Monday, July 17, 2006

More Assorted Shit

Your 1950s Name is:

Victoria Beverly

But my friends call me Bev, natch! (Hat tip to Crazy Dust In My Coffee. )

Speaking of coffee, I thought I was a coffee Connoisseur until I ran across Damn. Once again the universe reminds me what a total Dilettante I am. These coffeegeek folks are Ser.I.Ous. about their coffee. I am totally intimidated.

Byron is doing much better. We went to the vet this afternoon to get the drainage tube out (have to believe that feels better) but he still has to wear the satellite dish for another three days, until his incisions close completely. We joke that we can hook him up to the TV and get the networks' East Coast feeds.

Yesterday we managed to get a babysitter and went to a movie. Saw "The Devil Wears Prada," which I'd wanted to see mostly because of Meryl Streep in the Miranda role. It was entertaining, and wasn't as bad as it could have been (actually the Miranda character had a lot more depth than in the book), but it also wasn't as good as it could have been either. Here's the premise: Andrea, fresh out of college and wanting to be a Serious Journalist lands a job as a personal assitant to Miranda who is the editor-in-chief of a preeminent women's fashion magazine, "Runway" (which is a thinly disguised "Vogue"). Miranda (supposedly based on Anna Wintour of Vogue), of course is known as a Dragon Lady, but anyone who can stick it out for a year and win her approval and recommendation has doors opened to work at just about any national publication they want. The interesting thing, though, is that the Miranda character, though demanding and bitchy and impossible to please is also shown to be smart and savvy and one step ahead of everyone else. There's also a moment where the Andrea character is complaining to a colleague about how hard it all is, and he (rightly) tells her that she's only "deigning" to be there, and isn't really committed (she's made it quite clear that she looks down on the fashion industry and is only doing this until she can get a "real" job). He reminds her that she chose to take the job, she's choosing not to quit, so she should buck up and do the best she can with it. From there, unfortunately, it becomes so much about how she becomes a fashion plate, and overshadows that she becomes much more efficient at anticipating and meeting Miranda's needs. And even though Miranda turns out to be the biggest shark in the shark tank, she's also a clear-headed realist about what it takes to stay on top in the field she's chosen, and is unapologetic about doing what she needs to do to keep from becoming some other shark's dinner. I don't think I could work in that kind of environment; I'm just not politically savvy and ruthless enough.

But I can relate to the "you choose to be here, so why not do your best" premise. Not many of my staff at work start out choosing what we do as a career (my department does very unglamorous "administrative" work in the TV industry). Many of them are aspiring actors or screenwriters or producers looking for a "day job" or to get a foot in the door.
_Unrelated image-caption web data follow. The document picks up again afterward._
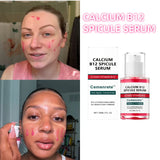 Facial Skin Care Essence Delicate Pores Moisturizing Nourish Dull Hydrating Protecting Skin Bright Revitalizing Unisex Essence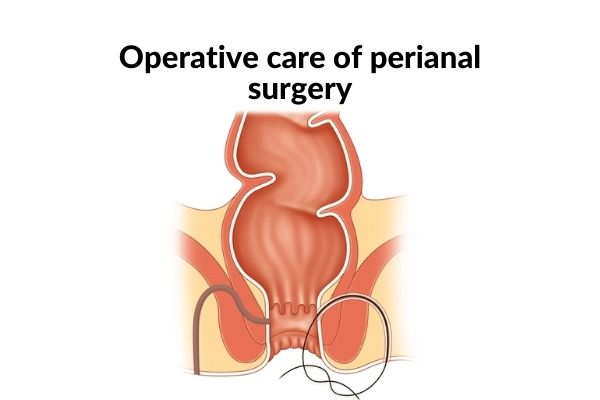 Post Operative Care Of Perianal Surgery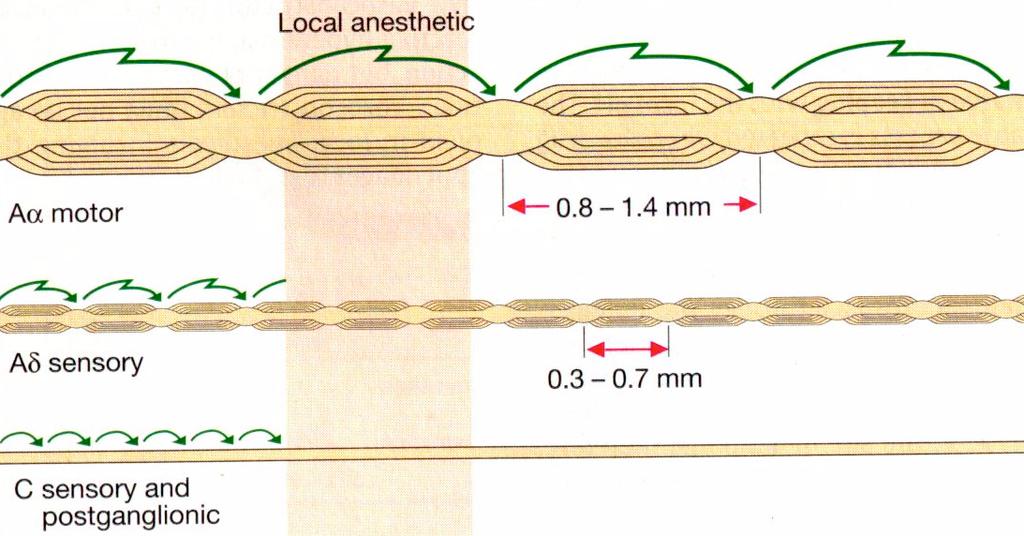 Anatomia X Bloqueio Anestésico Velocidade do bloqueio Diâmetro Mielinização Motor Dor Dor Anatomia X Bloqueio Anestésico Velocidade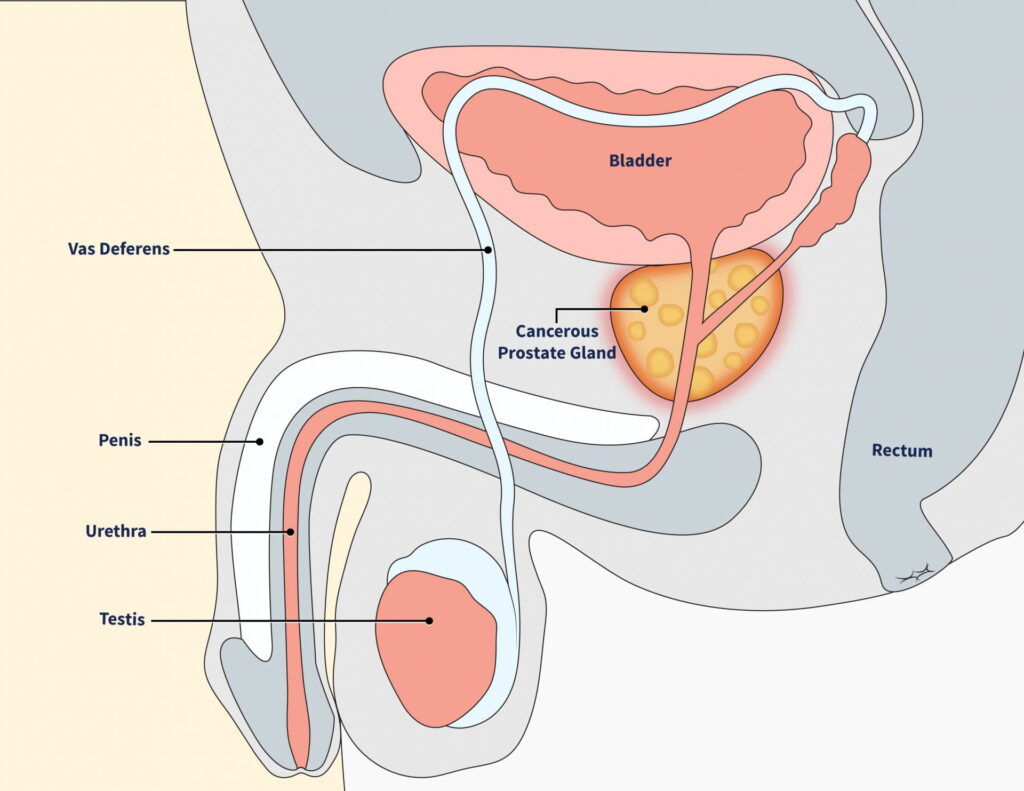 Erectile dysfunction 5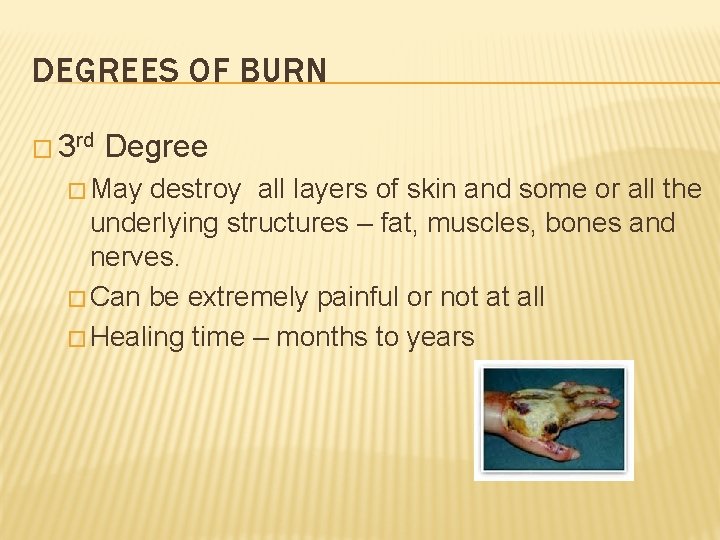 DEGREES OF BURN � 3 rd Degree � May destroy all layers of skin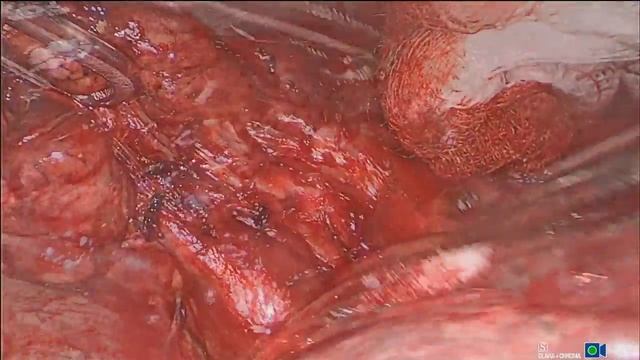 Left-Side Cancer Lung Resection (Graphic Imagery) | Surgical Videos | ACS смотреть онлайн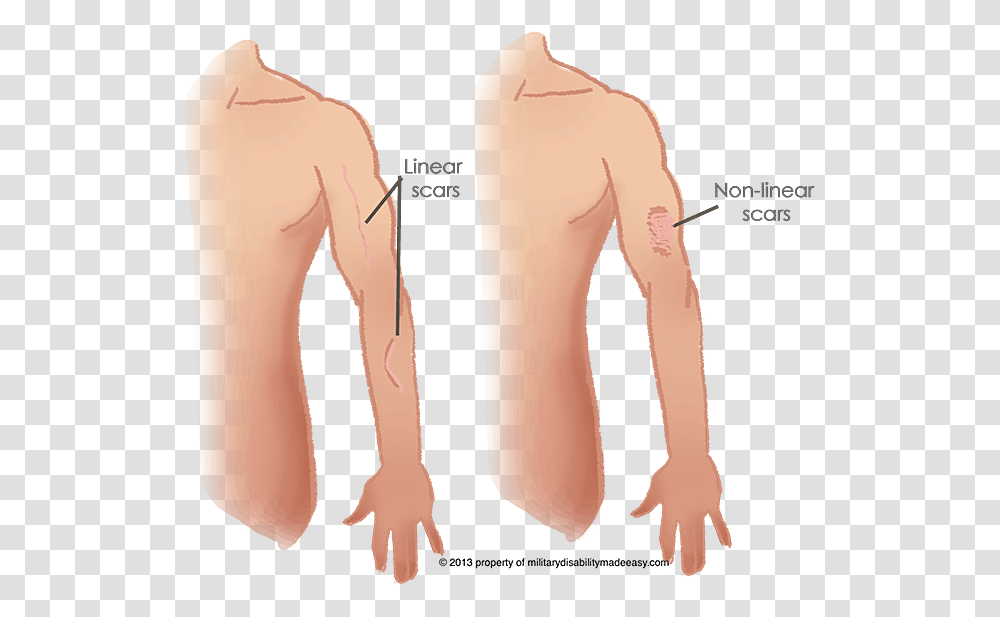 Index Of Scars, Plot, Arm, Back, Torso Transparent Png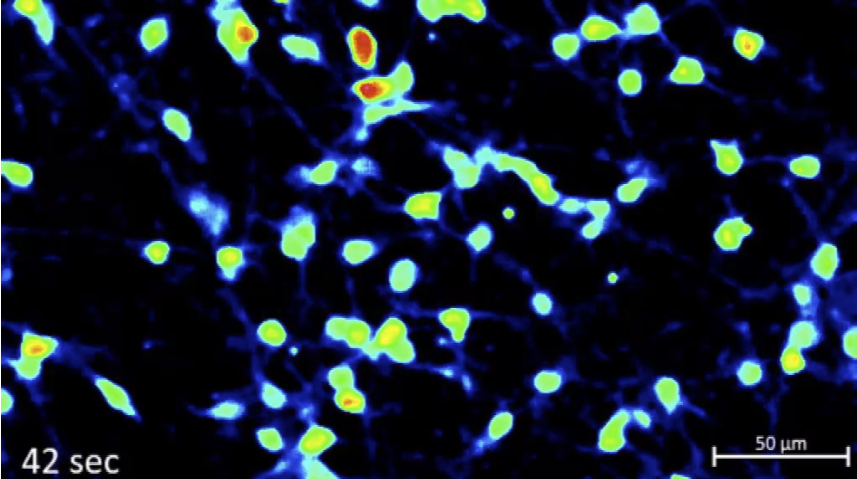 Video showing spontaneous activity of  human iPSC-derived GABAergic Neurons subjected to calcium imaging.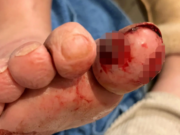 Dog Chomps Its Owner’s Toe to Save His Life dog chomps owners toe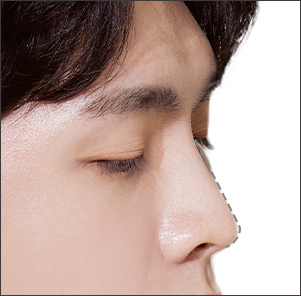 Low nose augmentation rhinoplasty raising nasal bridge to match facial features at NANA Korea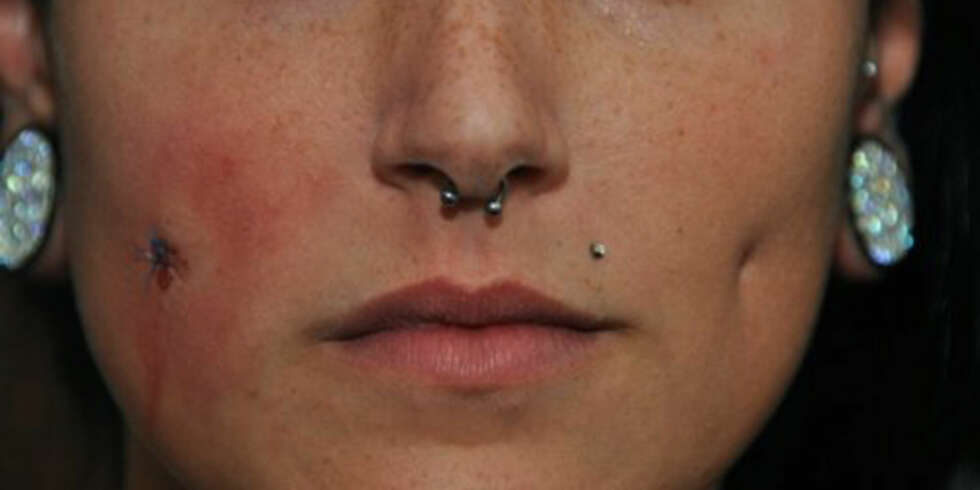 ETT ARR FIKSET: Det høyre ""smilehull-arret"" er snittet og sydd, det andre er fortsatt intakt. Slike arr oppstår når du setter piercing gjennom kinnet. ETT ARR FIKSET: Det høyre ""smilehull-arret"" er snittet og sydd, det andre er fortsatt intakt. Slike arr oppstår når du setter piercing gjennom kinnet.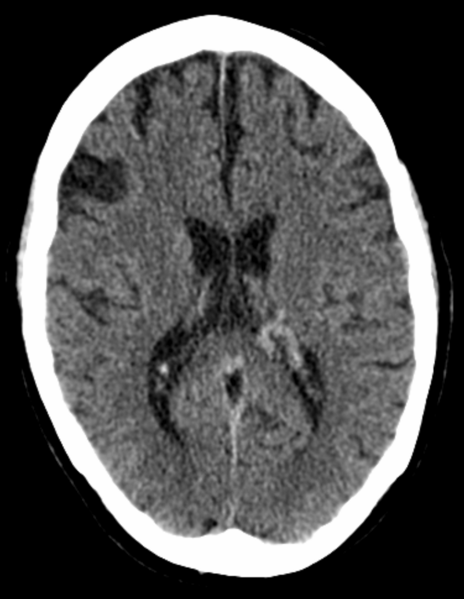 File:001 Arteriovenous Malformation CT axial 02.png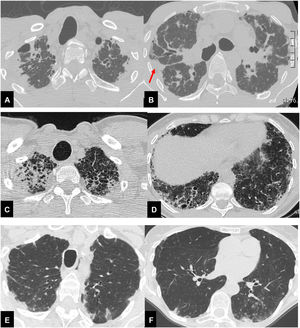 Thirty-seven year-old male (A,B), with surgical biopsy-proven PPFE and severe impairment of PFT (FVC 27% FEV1 25% DLCO 31%). CT scan shows bilateral, dense pleural and subpleural fibrosis suggestive of PPFE, in the upper and mid lung regions. The elastotic tissue is also present in the fissures, with particular evidence for the right one (red arrow). Scattered traction bronchiectasis are present in the surrounding dense elastotic fibrosis. Sixty-seven year-old female (C,D), with diagnosis of familial pulmonary fibrosis. Surgical lung biopsy documented: PPFE + UIP pattern. CT scan shows brobable UIP pattern in both lower lobes, mainly on the right associated with pulmonary ossifications e traction bronchiectasis. Seventy-eight-year-old female (E,F), affected by Sjogren disease, with diagnosis of bronchiolitis Nocardia abscessus related. PPFE is present in both upper lobes associated with centrilobular nodules and mucus plugging in the bronchi in the left lower lobe.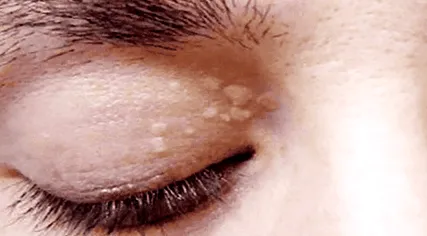 експертиза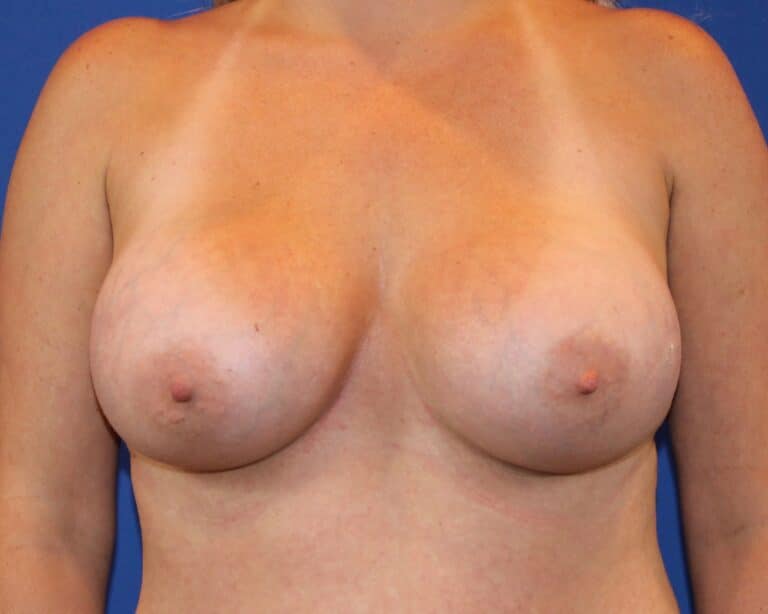 After Image: Patient Case #3331 - front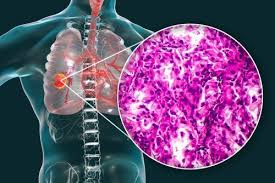 Others do have symptoms but, because those symptoms are so vague Histological Diagnosis And Classification Of Lung Cancers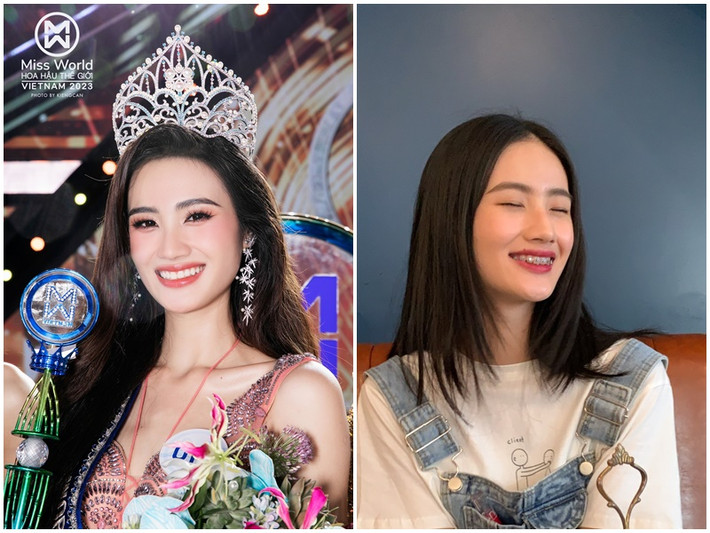 Huỳnh Trần Ý Nhi là một trong những mỹ nhân Việt thăng hạng nhan sắc một phần nhờ niềng răng. Ảnh: FBNV, Miss World Vietnam.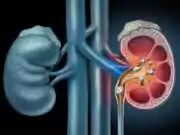 7 Effective Home Remedies for Kidney Stones. Causes of kidney Stone! Home Remedies for Kidney Stones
Some of them limp along, miserable for years, doing just enough to keep their jobs, and complaining about every little thing. If we're lucky, they leave after a while. Some discover they like the work and the (mostly) regular hours and paycheck, and do much more than "phone it in." And then there are the people who don't want to be Shane Black or Jim Cameron or Jamie Foxx, and who just want an intersting, challenging job with a chance for some advancement. We've got a majority of those folks now, and morale in the department is pretty good. The thing is, whatever job you have, it is what it is. As it says in The Inner Game Of Tennis, "The ball is never where it should be, but it's always where it is." Meaning of course, that if you swing at where you think the ball should be, you'll miss most of the time, that it's our expectations that get in the way of seeing things as they really are and choosing and acting based on that reality, which is necessary to achieve your objectives. Anyway, I think that's the more interesting story that the movie touched on but chose not to tell, in favor of fluffy, eye-candy, Hollywood fare. There were some clever lines, though. I had to laugh in spite of myself when one of the women says, "I'm just one bout of stomach flu away from my goal weight." I've so been there.

After the movie, we went to dinner at one of our favorite places, Napa Valley Grill which is a splurge but is always so consistenly good, we tend to keep going back when we have the opportunity for a nice dinner out. If you go, you must try the Shaved Artichoke Salad. It's my favorite and I have it every time. They have a super wine list, and if you have saved any room for dessert, their selections are excellent. We decided this time that discretion was the better part of valour, and skipped dessert in favor of a good night's sleep.


Blogger Gina said...

I hadn't read the book, but I heard the movie was NOTHING like it. It was an ok movie, but too Cinderella-ish for me.

9:02 PM  
Blogger Deja Pseu said...

Cindererlla-ish is a good description. The problem I have with almost every modern "working girl makes good" type of movie is that there always has to be a "makeover" as a major part of the story. I can't think of any examples of a story line where men have to visit a barber and a tailor before they can succeed.